### EXERCISE AIM
Set down the lines below exactly as they stand, please. Go from the first through the one containing "新鲜蔬果谷物健康餐盘图片".

Top of EXERCISE INPUTS

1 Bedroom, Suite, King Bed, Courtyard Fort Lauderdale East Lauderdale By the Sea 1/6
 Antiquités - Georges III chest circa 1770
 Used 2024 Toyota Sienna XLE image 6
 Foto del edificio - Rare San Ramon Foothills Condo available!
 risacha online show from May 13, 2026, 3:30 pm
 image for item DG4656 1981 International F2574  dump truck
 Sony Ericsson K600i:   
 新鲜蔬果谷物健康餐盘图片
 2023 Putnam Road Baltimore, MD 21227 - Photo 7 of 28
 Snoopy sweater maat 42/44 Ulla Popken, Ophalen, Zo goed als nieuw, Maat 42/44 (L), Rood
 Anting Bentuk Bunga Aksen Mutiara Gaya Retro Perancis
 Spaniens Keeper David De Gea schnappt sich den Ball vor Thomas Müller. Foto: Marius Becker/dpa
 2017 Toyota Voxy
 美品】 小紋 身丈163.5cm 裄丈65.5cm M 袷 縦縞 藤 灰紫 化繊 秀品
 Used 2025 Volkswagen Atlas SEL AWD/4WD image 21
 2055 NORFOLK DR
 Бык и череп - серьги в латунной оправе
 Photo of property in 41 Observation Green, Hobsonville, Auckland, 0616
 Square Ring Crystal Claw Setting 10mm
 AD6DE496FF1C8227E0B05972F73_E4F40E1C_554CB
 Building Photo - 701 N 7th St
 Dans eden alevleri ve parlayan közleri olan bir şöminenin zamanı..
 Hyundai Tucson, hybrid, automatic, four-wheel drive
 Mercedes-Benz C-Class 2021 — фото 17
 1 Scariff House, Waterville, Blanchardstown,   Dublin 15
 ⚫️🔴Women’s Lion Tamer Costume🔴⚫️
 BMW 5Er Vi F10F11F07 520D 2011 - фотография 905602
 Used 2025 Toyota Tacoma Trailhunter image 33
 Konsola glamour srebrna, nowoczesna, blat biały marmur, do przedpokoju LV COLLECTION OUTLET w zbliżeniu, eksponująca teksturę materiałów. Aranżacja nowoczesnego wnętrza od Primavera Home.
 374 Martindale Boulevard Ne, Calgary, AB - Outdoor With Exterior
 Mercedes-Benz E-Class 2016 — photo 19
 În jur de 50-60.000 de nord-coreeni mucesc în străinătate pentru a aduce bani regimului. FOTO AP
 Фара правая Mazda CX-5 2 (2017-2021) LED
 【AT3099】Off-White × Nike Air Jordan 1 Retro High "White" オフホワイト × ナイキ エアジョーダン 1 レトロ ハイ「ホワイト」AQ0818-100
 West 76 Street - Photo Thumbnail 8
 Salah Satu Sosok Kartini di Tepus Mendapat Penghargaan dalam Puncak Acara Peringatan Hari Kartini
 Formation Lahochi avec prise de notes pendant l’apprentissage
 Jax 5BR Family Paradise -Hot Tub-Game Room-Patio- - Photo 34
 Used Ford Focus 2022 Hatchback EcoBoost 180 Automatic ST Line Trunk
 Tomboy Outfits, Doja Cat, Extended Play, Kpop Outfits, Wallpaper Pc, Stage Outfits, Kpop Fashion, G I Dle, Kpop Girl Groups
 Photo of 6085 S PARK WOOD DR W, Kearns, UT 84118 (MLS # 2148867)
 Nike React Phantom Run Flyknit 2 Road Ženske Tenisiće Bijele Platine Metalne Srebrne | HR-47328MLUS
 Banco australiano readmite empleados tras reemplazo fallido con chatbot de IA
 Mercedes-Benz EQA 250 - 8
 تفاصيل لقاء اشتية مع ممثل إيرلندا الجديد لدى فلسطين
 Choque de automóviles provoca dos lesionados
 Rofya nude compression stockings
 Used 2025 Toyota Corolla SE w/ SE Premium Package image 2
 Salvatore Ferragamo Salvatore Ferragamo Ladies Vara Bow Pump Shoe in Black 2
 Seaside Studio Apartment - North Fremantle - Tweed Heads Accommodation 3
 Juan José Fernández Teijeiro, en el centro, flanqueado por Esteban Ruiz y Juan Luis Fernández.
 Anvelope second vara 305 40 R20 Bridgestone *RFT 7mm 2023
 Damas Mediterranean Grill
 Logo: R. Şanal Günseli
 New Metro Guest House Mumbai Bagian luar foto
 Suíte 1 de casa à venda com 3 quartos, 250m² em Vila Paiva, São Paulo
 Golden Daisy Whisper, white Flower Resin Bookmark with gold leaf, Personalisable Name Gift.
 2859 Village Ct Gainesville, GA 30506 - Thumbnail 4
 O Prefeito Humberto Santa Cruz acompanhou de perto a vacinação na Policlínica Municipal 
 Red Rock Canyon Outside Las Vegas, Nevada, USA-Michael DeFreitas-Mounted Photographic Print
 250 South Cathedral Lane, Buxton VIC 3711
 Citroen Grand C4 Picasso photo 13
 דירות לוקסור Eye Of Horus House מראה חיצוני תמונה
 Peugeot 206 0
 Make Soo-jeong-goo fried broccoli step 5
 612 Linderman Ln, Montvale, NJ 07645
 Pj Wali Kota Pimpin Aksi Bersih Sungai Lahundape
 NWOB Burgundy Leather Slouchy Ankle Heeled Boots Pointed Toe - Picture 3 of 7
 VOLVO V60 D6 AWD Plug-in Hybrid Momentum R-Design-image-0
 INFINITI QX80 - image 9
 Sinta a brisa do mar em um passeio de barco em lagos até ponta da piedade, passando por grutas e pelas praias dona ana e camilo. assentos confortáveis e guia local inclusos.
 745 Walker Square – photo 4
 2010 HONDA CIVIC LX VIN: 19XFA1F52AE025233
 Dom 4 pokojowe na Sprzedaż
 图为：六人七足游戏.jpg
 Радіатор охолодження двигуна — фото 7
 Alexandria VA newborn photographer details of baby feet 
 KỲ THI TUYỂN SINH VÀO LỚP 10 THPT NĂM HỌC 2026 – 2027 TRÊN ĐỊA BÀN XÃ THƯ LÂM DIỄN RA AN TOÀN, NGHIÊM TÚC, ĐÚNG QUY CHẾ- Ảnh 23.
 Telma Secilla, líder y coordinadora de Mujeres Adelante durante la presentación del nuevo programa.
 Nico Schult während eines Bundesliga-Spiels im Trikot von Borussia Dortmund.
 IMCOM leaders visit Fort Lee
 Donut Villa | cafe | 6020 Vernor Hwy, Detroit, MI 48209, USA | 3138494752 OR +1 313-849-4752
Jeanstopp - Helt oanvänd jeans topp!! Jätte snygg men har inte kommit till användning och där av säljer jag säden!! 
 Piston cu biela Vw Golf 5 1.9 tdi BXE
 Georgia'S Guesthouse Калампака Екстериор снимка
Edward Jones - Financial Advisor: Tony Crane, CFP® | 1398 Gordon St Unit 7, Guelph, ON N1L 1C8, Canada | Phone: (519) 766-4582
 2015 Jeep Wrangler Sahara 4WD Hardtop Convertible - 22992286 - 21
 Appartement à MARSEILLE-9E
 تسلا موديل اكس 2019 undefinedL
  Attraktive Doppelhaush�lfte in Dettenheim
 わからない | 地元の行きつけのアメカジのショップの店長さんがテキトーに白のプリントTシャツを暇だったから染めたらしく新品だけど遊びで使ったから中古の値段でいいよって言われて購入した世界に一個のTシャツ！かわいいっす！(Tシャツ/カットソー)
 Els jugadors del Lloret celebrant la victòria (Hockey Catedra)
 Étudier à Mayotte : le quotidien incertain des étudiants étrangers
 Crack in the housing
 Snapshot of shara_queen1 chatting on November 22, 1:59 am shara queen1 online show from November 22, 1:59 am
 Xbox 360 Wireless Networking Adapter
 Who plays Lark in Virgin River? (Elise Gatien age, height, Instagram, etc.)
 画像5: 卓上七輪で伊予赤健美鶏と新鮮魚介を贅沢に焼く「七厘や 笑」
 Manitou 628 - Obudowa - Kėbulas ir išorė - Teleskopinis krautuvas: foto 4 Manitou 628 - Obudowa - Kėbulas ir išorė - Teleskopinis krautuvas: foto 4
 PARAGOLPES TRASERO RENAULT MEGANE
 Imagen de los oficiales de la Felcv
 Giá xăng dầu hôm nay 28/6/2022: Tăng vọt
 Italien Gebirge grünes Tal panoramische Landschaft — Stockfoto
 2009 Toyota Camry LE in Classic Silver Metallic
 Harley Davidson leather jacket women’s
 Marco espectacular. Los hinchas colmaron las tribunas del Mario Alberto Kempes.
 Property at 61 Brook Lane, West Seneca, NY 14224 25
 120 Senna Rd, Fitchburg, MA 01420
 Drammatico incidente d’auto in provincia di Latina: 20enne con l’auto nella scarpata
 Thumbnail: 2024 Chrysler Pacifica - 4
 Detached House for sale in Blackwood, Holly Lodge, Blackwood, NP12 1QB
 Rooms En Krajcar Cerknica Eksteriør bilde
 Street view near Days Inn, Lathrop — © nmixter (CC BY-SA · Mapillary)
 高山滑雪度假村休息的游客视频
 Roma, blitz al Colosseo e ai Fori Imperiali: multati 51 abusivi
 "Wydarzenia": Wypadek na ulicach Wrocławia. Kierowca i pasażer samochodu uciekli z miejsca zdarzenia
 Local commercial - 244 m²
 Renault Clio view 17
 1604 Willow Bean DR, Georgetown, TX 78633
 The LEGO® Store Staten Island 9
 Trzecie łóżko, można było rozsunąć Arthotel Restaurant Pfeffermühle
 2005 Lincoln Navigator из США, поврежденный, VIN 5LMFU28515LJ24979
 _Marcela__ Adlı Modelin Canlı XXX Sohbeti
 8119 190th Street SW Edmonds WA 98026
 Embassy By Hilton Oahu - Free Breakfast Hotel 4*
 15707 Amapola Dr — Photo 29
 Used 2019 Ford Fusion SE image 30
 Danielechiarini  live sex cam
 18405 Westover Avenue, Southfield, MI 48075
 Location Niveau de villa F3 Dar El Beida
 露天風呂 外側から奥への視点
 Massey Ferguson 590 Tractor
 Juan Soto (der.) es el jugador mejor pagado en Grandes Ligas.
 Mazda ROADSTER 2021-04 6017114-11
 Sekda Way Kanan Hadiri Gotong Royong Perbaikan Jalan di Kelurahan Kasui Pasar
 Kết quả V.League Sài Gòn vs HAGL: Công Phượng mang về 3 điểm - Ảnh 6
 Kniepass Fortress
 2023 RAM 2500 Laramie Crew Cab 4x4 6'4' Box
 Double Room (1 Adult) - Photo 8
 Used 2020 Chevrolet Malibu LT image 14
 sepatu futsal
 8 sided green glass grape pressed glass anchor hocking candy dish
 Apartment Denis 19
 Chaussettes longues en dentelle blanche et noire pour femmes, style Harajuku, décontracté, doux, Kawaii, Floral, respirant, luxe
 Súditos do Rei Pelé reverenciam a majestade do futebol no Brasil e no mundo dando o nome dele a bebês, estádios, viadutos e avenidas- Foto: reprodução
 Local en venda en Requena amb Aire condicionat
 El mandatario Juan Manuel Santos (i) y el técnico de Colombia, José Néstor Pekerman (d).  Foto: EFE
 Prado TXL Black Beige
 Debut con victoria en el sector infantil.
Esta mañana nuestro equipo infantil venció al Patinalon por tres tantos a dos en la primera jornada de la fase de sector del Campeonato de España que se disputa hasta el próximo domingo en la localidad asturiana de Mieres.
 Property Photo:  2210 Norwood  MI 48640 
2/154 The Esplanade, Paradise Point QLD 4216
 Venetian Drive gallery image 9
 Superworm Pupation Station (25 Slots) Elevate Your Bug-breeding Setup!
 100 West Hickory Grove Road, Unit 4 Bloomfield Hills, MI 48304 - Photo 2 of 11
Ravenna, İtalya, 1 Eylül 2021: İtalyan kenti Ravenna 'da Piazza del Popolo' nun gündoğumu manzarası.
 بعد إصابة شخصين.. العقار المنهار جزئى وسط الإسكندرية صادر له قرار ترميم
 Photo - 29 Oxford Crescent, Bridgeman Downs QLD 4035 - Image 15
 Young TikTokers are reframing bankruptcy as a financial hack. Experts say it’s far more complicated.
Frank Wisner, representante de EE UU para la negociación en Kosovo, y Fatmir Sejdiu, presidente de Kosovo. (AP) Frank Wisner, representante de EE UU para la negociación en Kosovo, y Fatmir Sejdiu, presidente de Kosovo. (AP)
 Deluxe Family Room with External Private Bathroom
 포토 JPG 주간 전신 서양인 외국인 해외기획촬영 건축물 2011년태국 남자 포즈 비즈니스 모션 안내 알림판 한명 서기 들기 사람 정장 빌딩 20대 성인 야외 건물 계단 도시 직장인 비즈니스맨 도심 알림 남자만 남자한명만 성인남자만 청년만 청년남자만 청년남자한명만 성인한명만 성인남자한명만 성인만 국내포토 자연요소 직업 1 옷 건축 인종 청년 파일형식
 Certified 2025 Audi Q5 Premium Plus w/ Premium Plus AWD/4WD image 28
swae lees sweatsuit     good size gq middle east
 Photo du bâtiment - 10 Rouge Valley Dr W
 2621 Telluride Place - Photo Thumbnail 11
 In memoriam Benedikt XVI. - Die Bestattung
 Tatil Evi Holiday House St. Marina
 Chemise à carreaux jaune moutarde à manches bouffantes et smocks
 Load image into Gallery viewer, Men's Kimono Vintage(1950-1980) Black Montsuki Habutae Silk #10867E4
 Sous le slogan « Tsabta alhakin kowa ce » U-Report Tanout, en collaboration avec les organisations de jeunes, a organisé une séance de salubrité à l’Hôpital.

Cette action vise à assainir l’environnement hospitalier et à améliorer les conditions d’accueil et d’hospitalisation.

Bottom of EXERCISE INPUTS

### ANSWER TO THE EXERCISE
1 Bedroom, Suite, King Bed, Courtyard Fort Lauderdale East Lauderdale By the Sea 1/6
 Antiquités - Georges III chest circa 1770
 Used 2024 Toyota Sienna XLE image 6
 Foto del edificio - Rare San Ramon Foothills Condo available!
 risacha online show from May 13, 2026, 3:30 pm
 image for item DG4656 1981 International F2574  dump truck
 Sony Ericsson K600i:   
 新鲜蔬果谷物健康餐盘图片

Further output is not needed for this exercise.